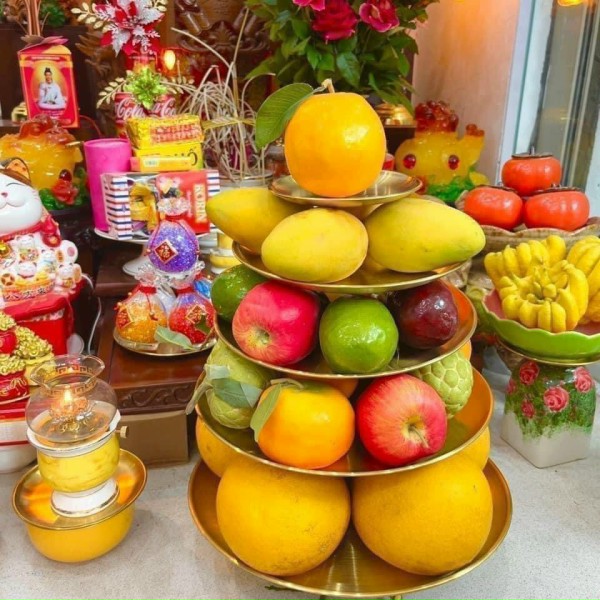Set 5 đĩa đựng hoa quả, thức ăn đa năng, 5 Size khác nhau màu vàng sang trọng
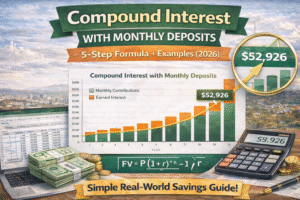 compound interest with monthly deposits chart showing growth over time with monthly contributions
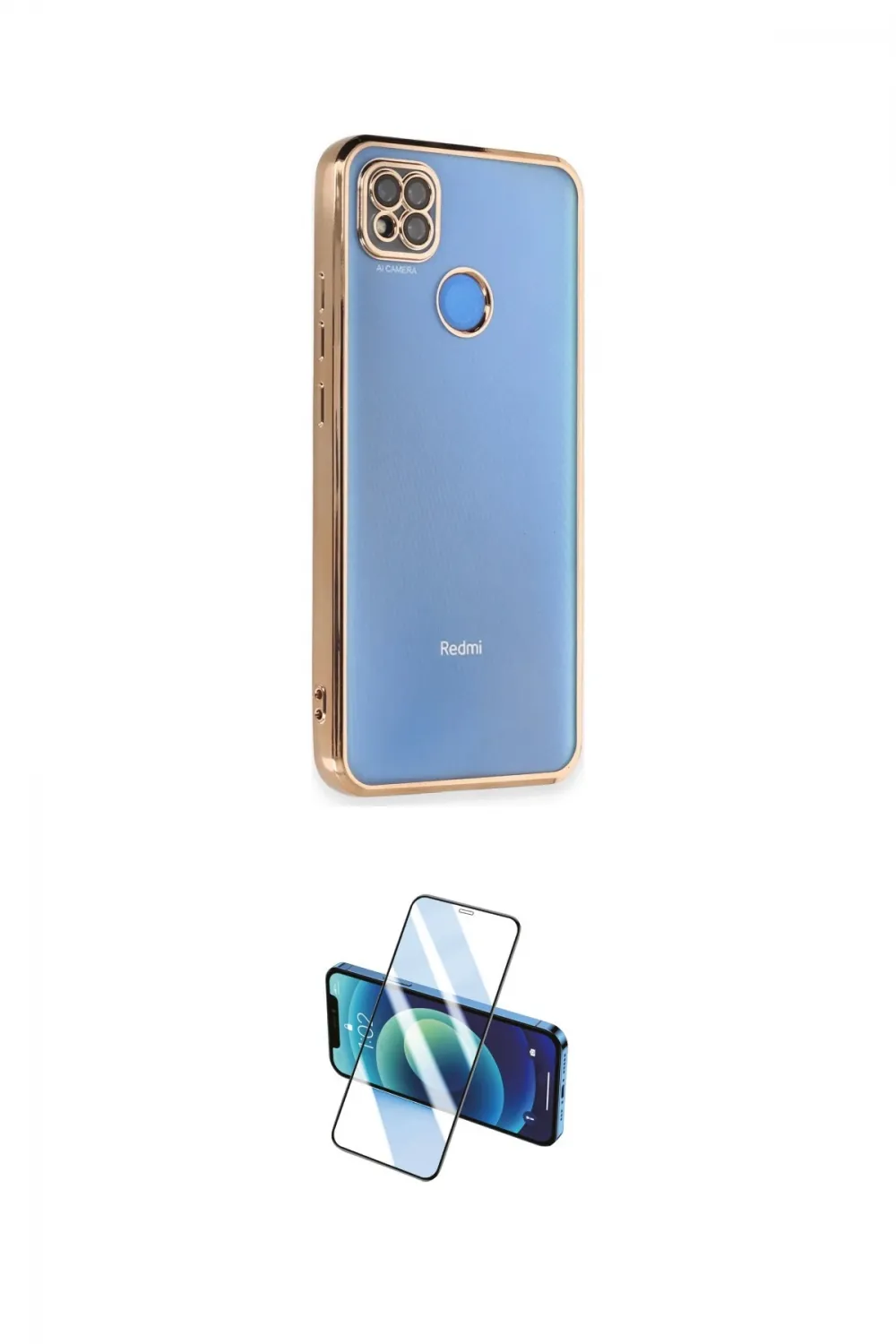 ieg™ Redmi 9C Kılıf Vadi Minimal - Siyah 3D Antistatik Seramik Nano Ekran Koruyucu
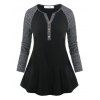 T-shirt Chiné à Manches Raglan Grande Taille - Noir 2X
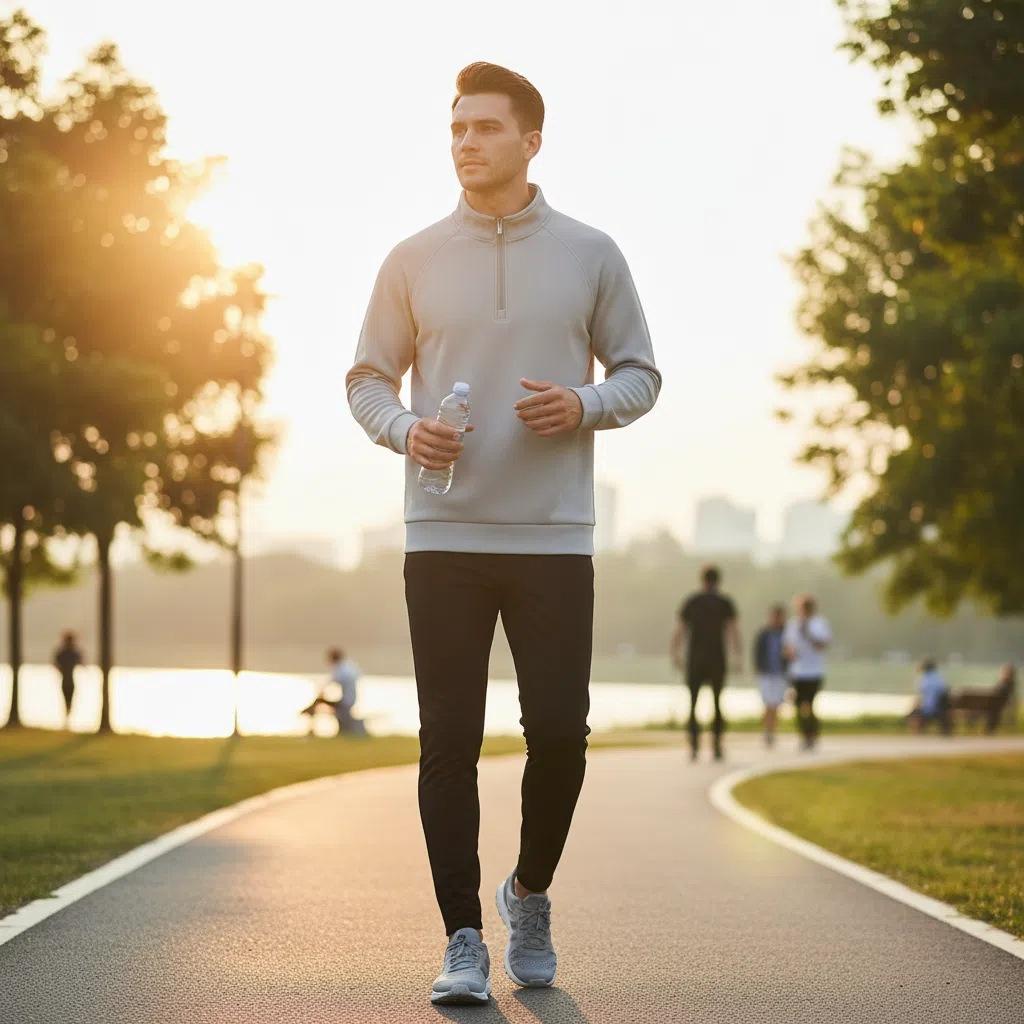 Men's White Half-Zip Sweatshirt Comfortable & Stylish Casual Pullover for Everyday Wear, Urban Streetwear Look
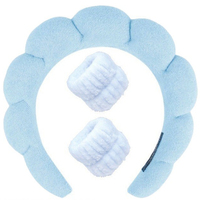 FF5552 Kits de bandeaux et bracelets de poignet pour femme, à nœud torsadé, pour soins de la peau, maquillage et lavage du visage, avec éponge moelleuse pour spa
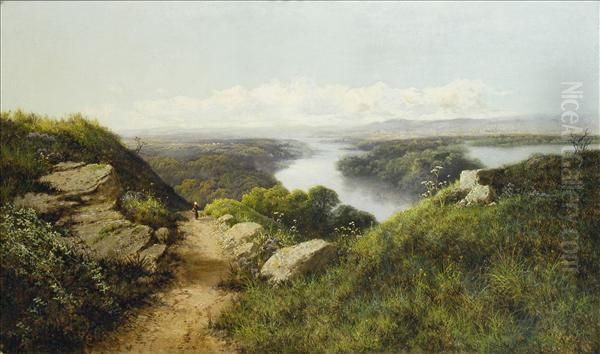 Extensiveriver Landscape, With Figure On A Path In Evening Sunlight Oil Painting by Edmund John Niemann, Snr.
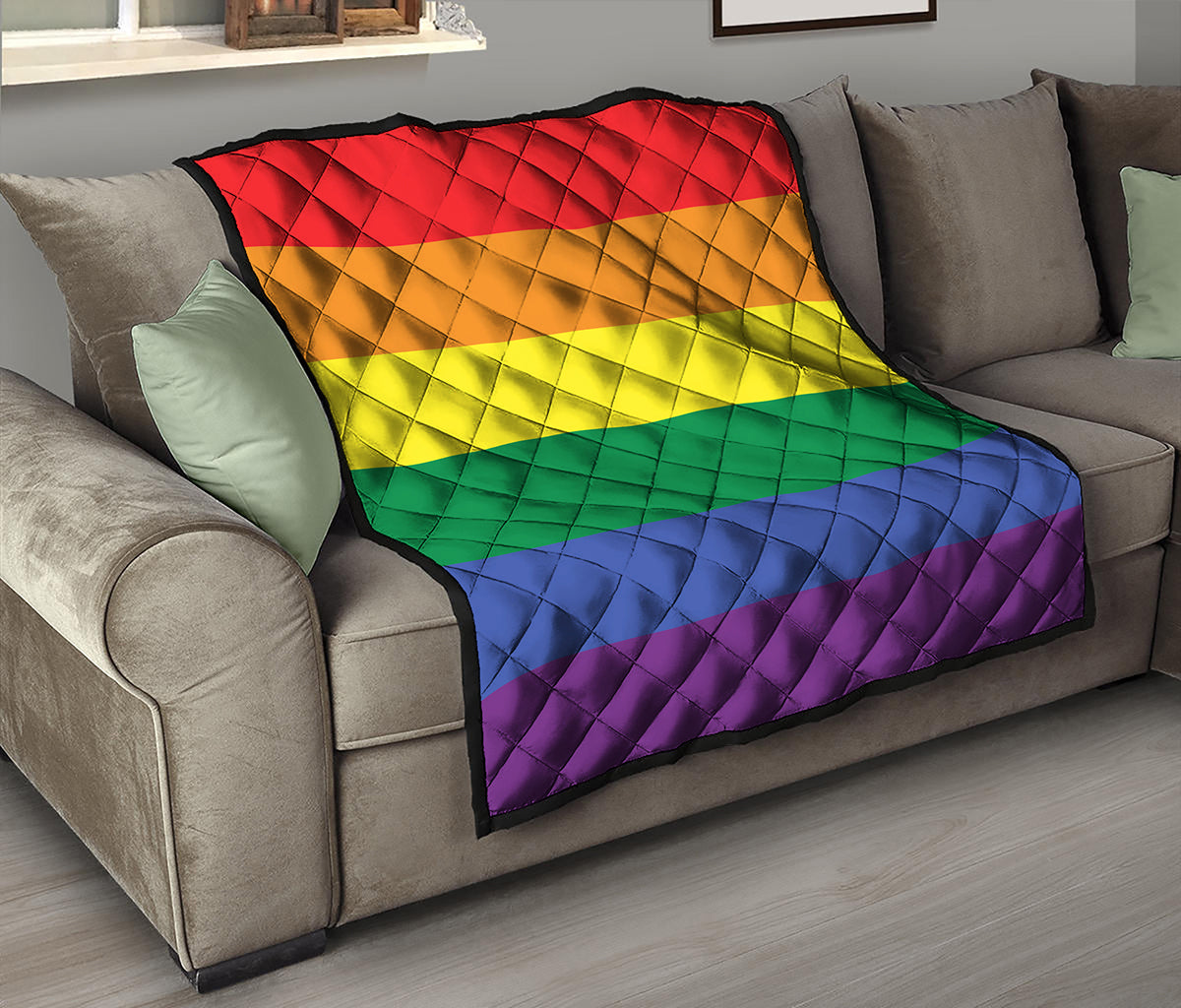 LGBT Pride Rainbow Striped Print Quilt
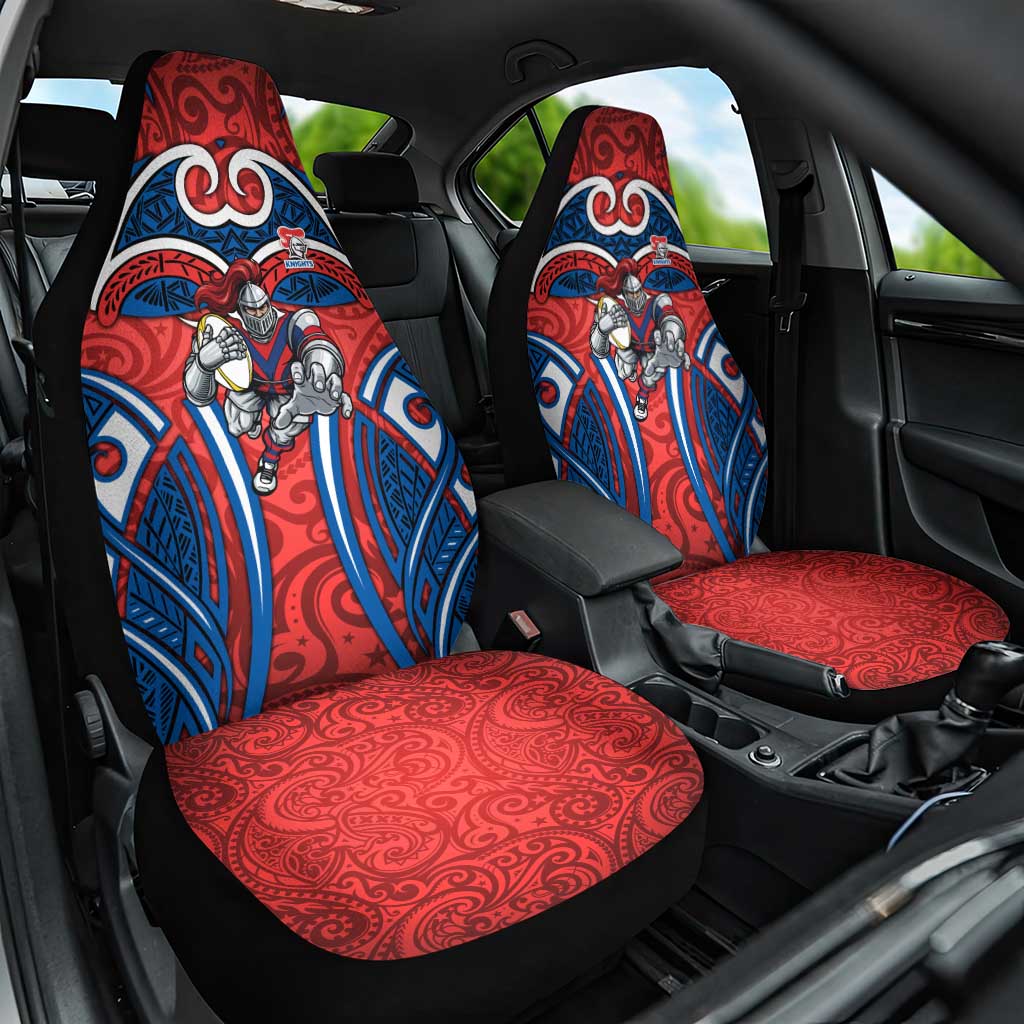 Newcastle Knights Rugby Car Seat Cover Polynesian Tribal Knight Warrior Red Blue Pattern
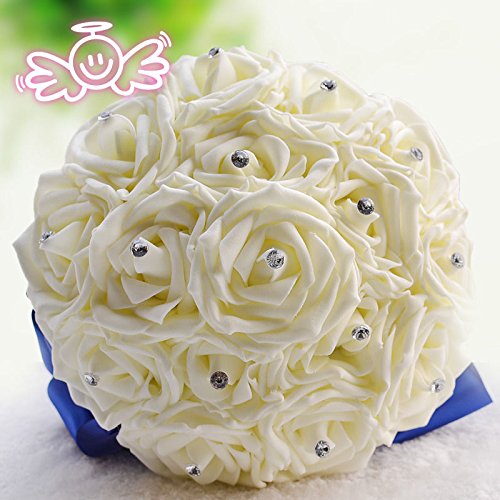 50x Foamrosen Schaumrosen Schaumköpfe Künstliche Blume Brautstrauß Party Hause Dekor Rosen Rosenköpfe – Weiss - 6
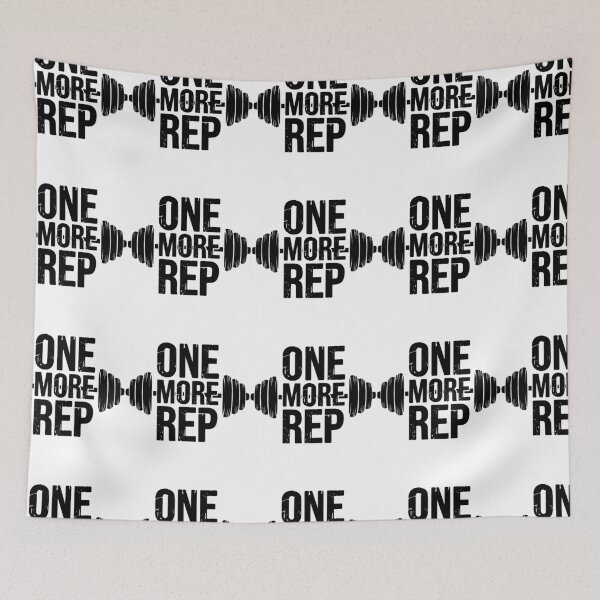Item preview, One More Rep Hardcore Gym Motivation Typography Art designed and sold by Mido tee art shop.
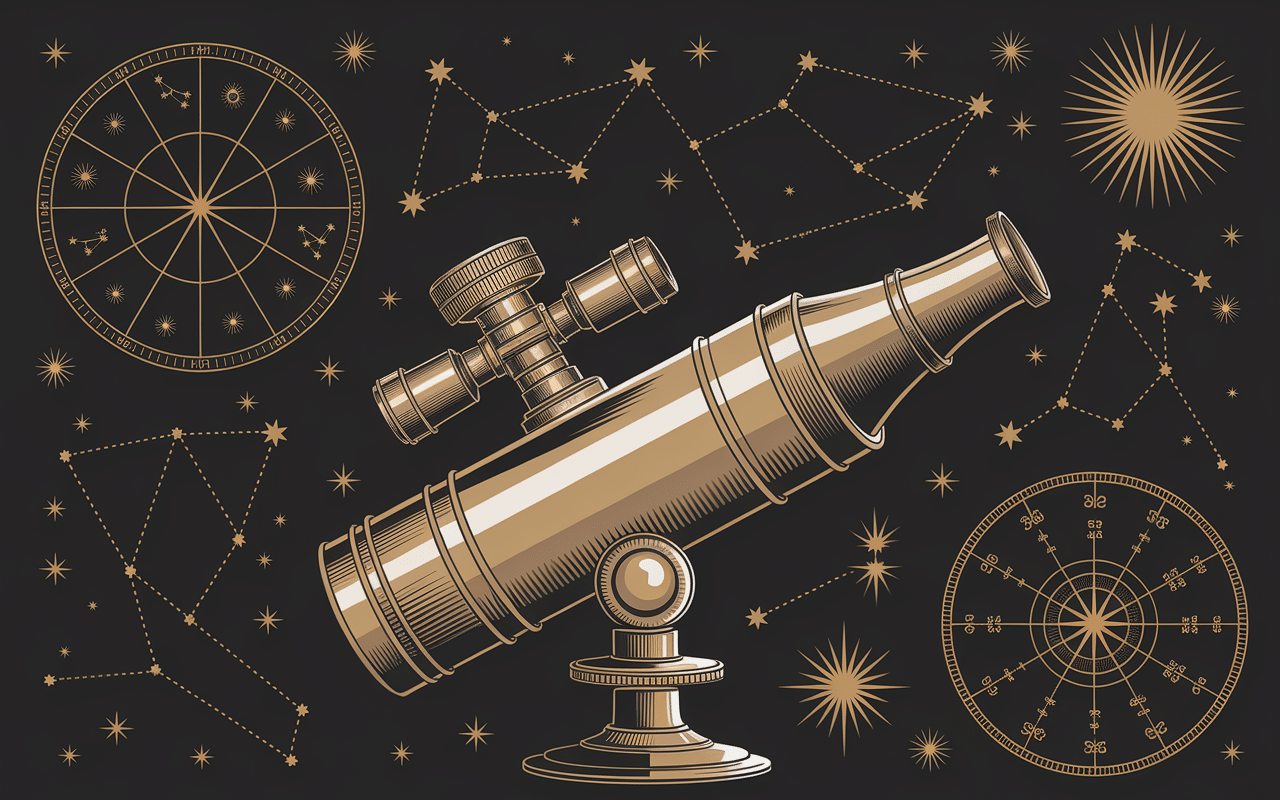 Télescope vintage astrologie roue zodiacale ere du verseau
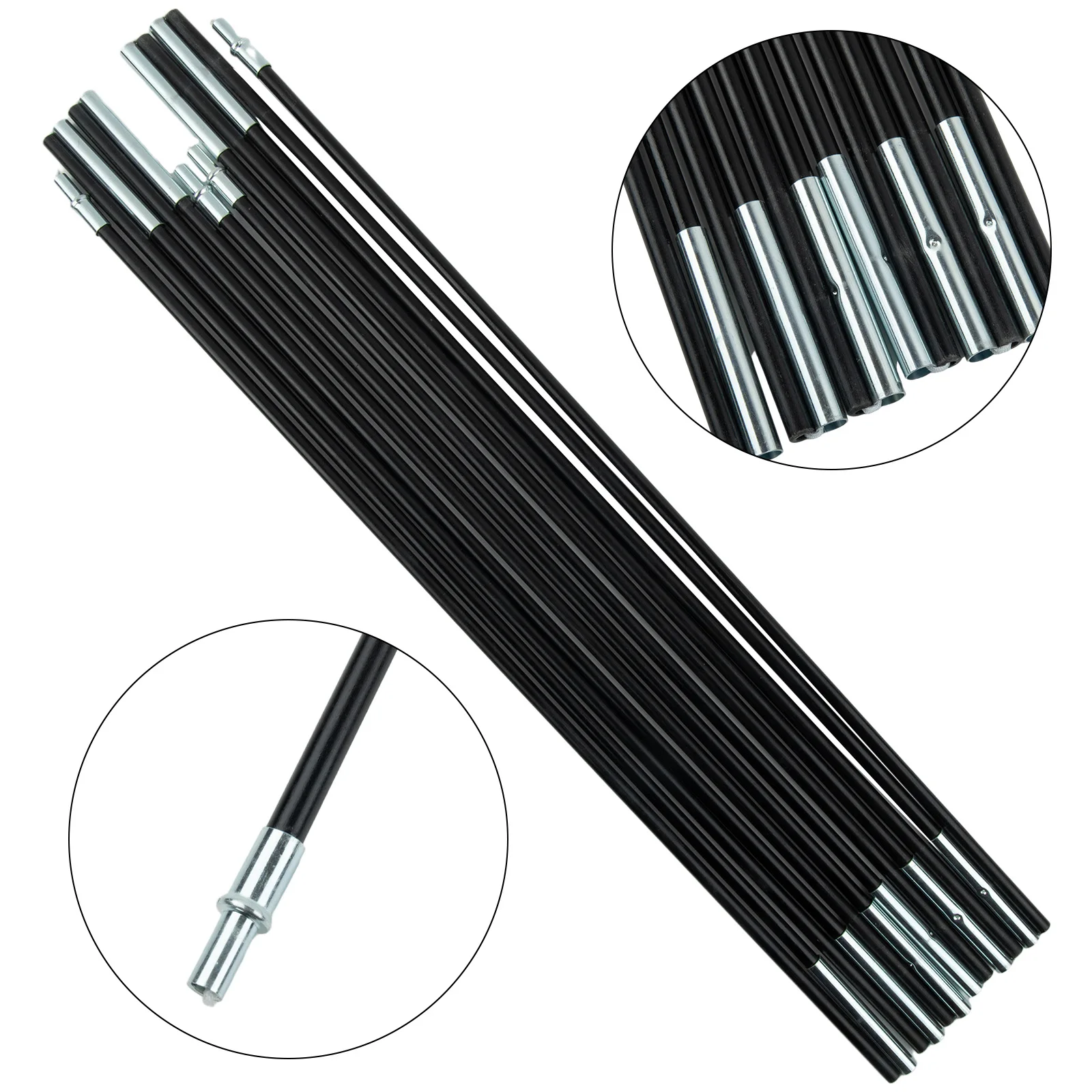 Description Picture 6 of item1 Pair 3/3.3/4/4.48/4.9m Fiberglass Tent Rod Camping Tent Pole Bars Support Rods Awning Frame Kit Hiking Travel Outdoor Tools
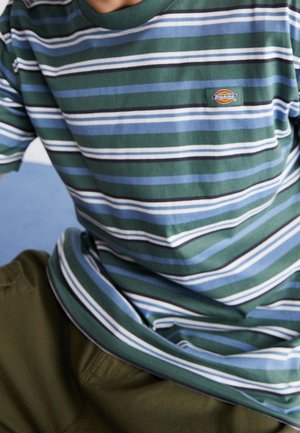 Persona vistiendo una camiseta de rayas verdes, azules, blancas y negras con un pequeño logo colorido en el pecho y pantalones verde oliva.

- _YOUR GOAL_
Images in the records must not be repeated; everything else should be returned exactly.

- _RESULT OF THIS TASK_
Set 5 đĩa đựng hoa quả, thức ăn đa năng, 5 Size khác nhau màu vàng sang trọng
 compound interest with monthly deposits chart showing growth over time with monthly contributions
 ieg™ Redmi 9C Kılıf Vadi Minimal - Siyah 3D Antistatik Seramik Nano Ekran Koruyucu
 T-shirt Chiné à Manches Raglan Grande Taille - Noir 2X
 Men's White Half-Zip Sweatshirt Comfortable & Stylish Casual Pullover for Everyday Wear, Urban Streetwear Look
 FF5552 Kits de bandeaux et bracelets de poignet pour femme, à nœud torsadé, pour soins de la peau, maquillage et lavage du visage, avec éponge moelleuse pour spa
 Extensiveriver Landscape, With Figure On A Path In Evening Sunlight Oil Painting by Edmund John Niemann, Snr.
 LGBT Pride Rainbow Striped Print Quilt
 Newcastle Knights Rugby Car Seat Cover Polynesian Tribal Knight Warrior Red Blue Pattern
 50x Foamrosen Schaumrosen Schaumköpfe Künstliche Blume Brautstrauß Party Hause Dekor Rosen Rosenköpfe – Weiss - 6
Item preview, One More Rep Hardcore Gym Motivation Typography Art designed and sold by Mido tee art shop.
 Télescope vintage astrologie roue zodiacale ere du verseau
 Description Picture 6 of item1 Pair 3/3.3/4/4.48/4.9m Fiberglass Tent Rod Camping Tent Pole Bars Support Rods Awning Frame Kit Hiking Travel Outdoor Tools
 Persona vistiendo una camiseta de rayas verdes, azules, blancas y negras con un pequeño logo colorido en el pecho y pantalones verde oliva.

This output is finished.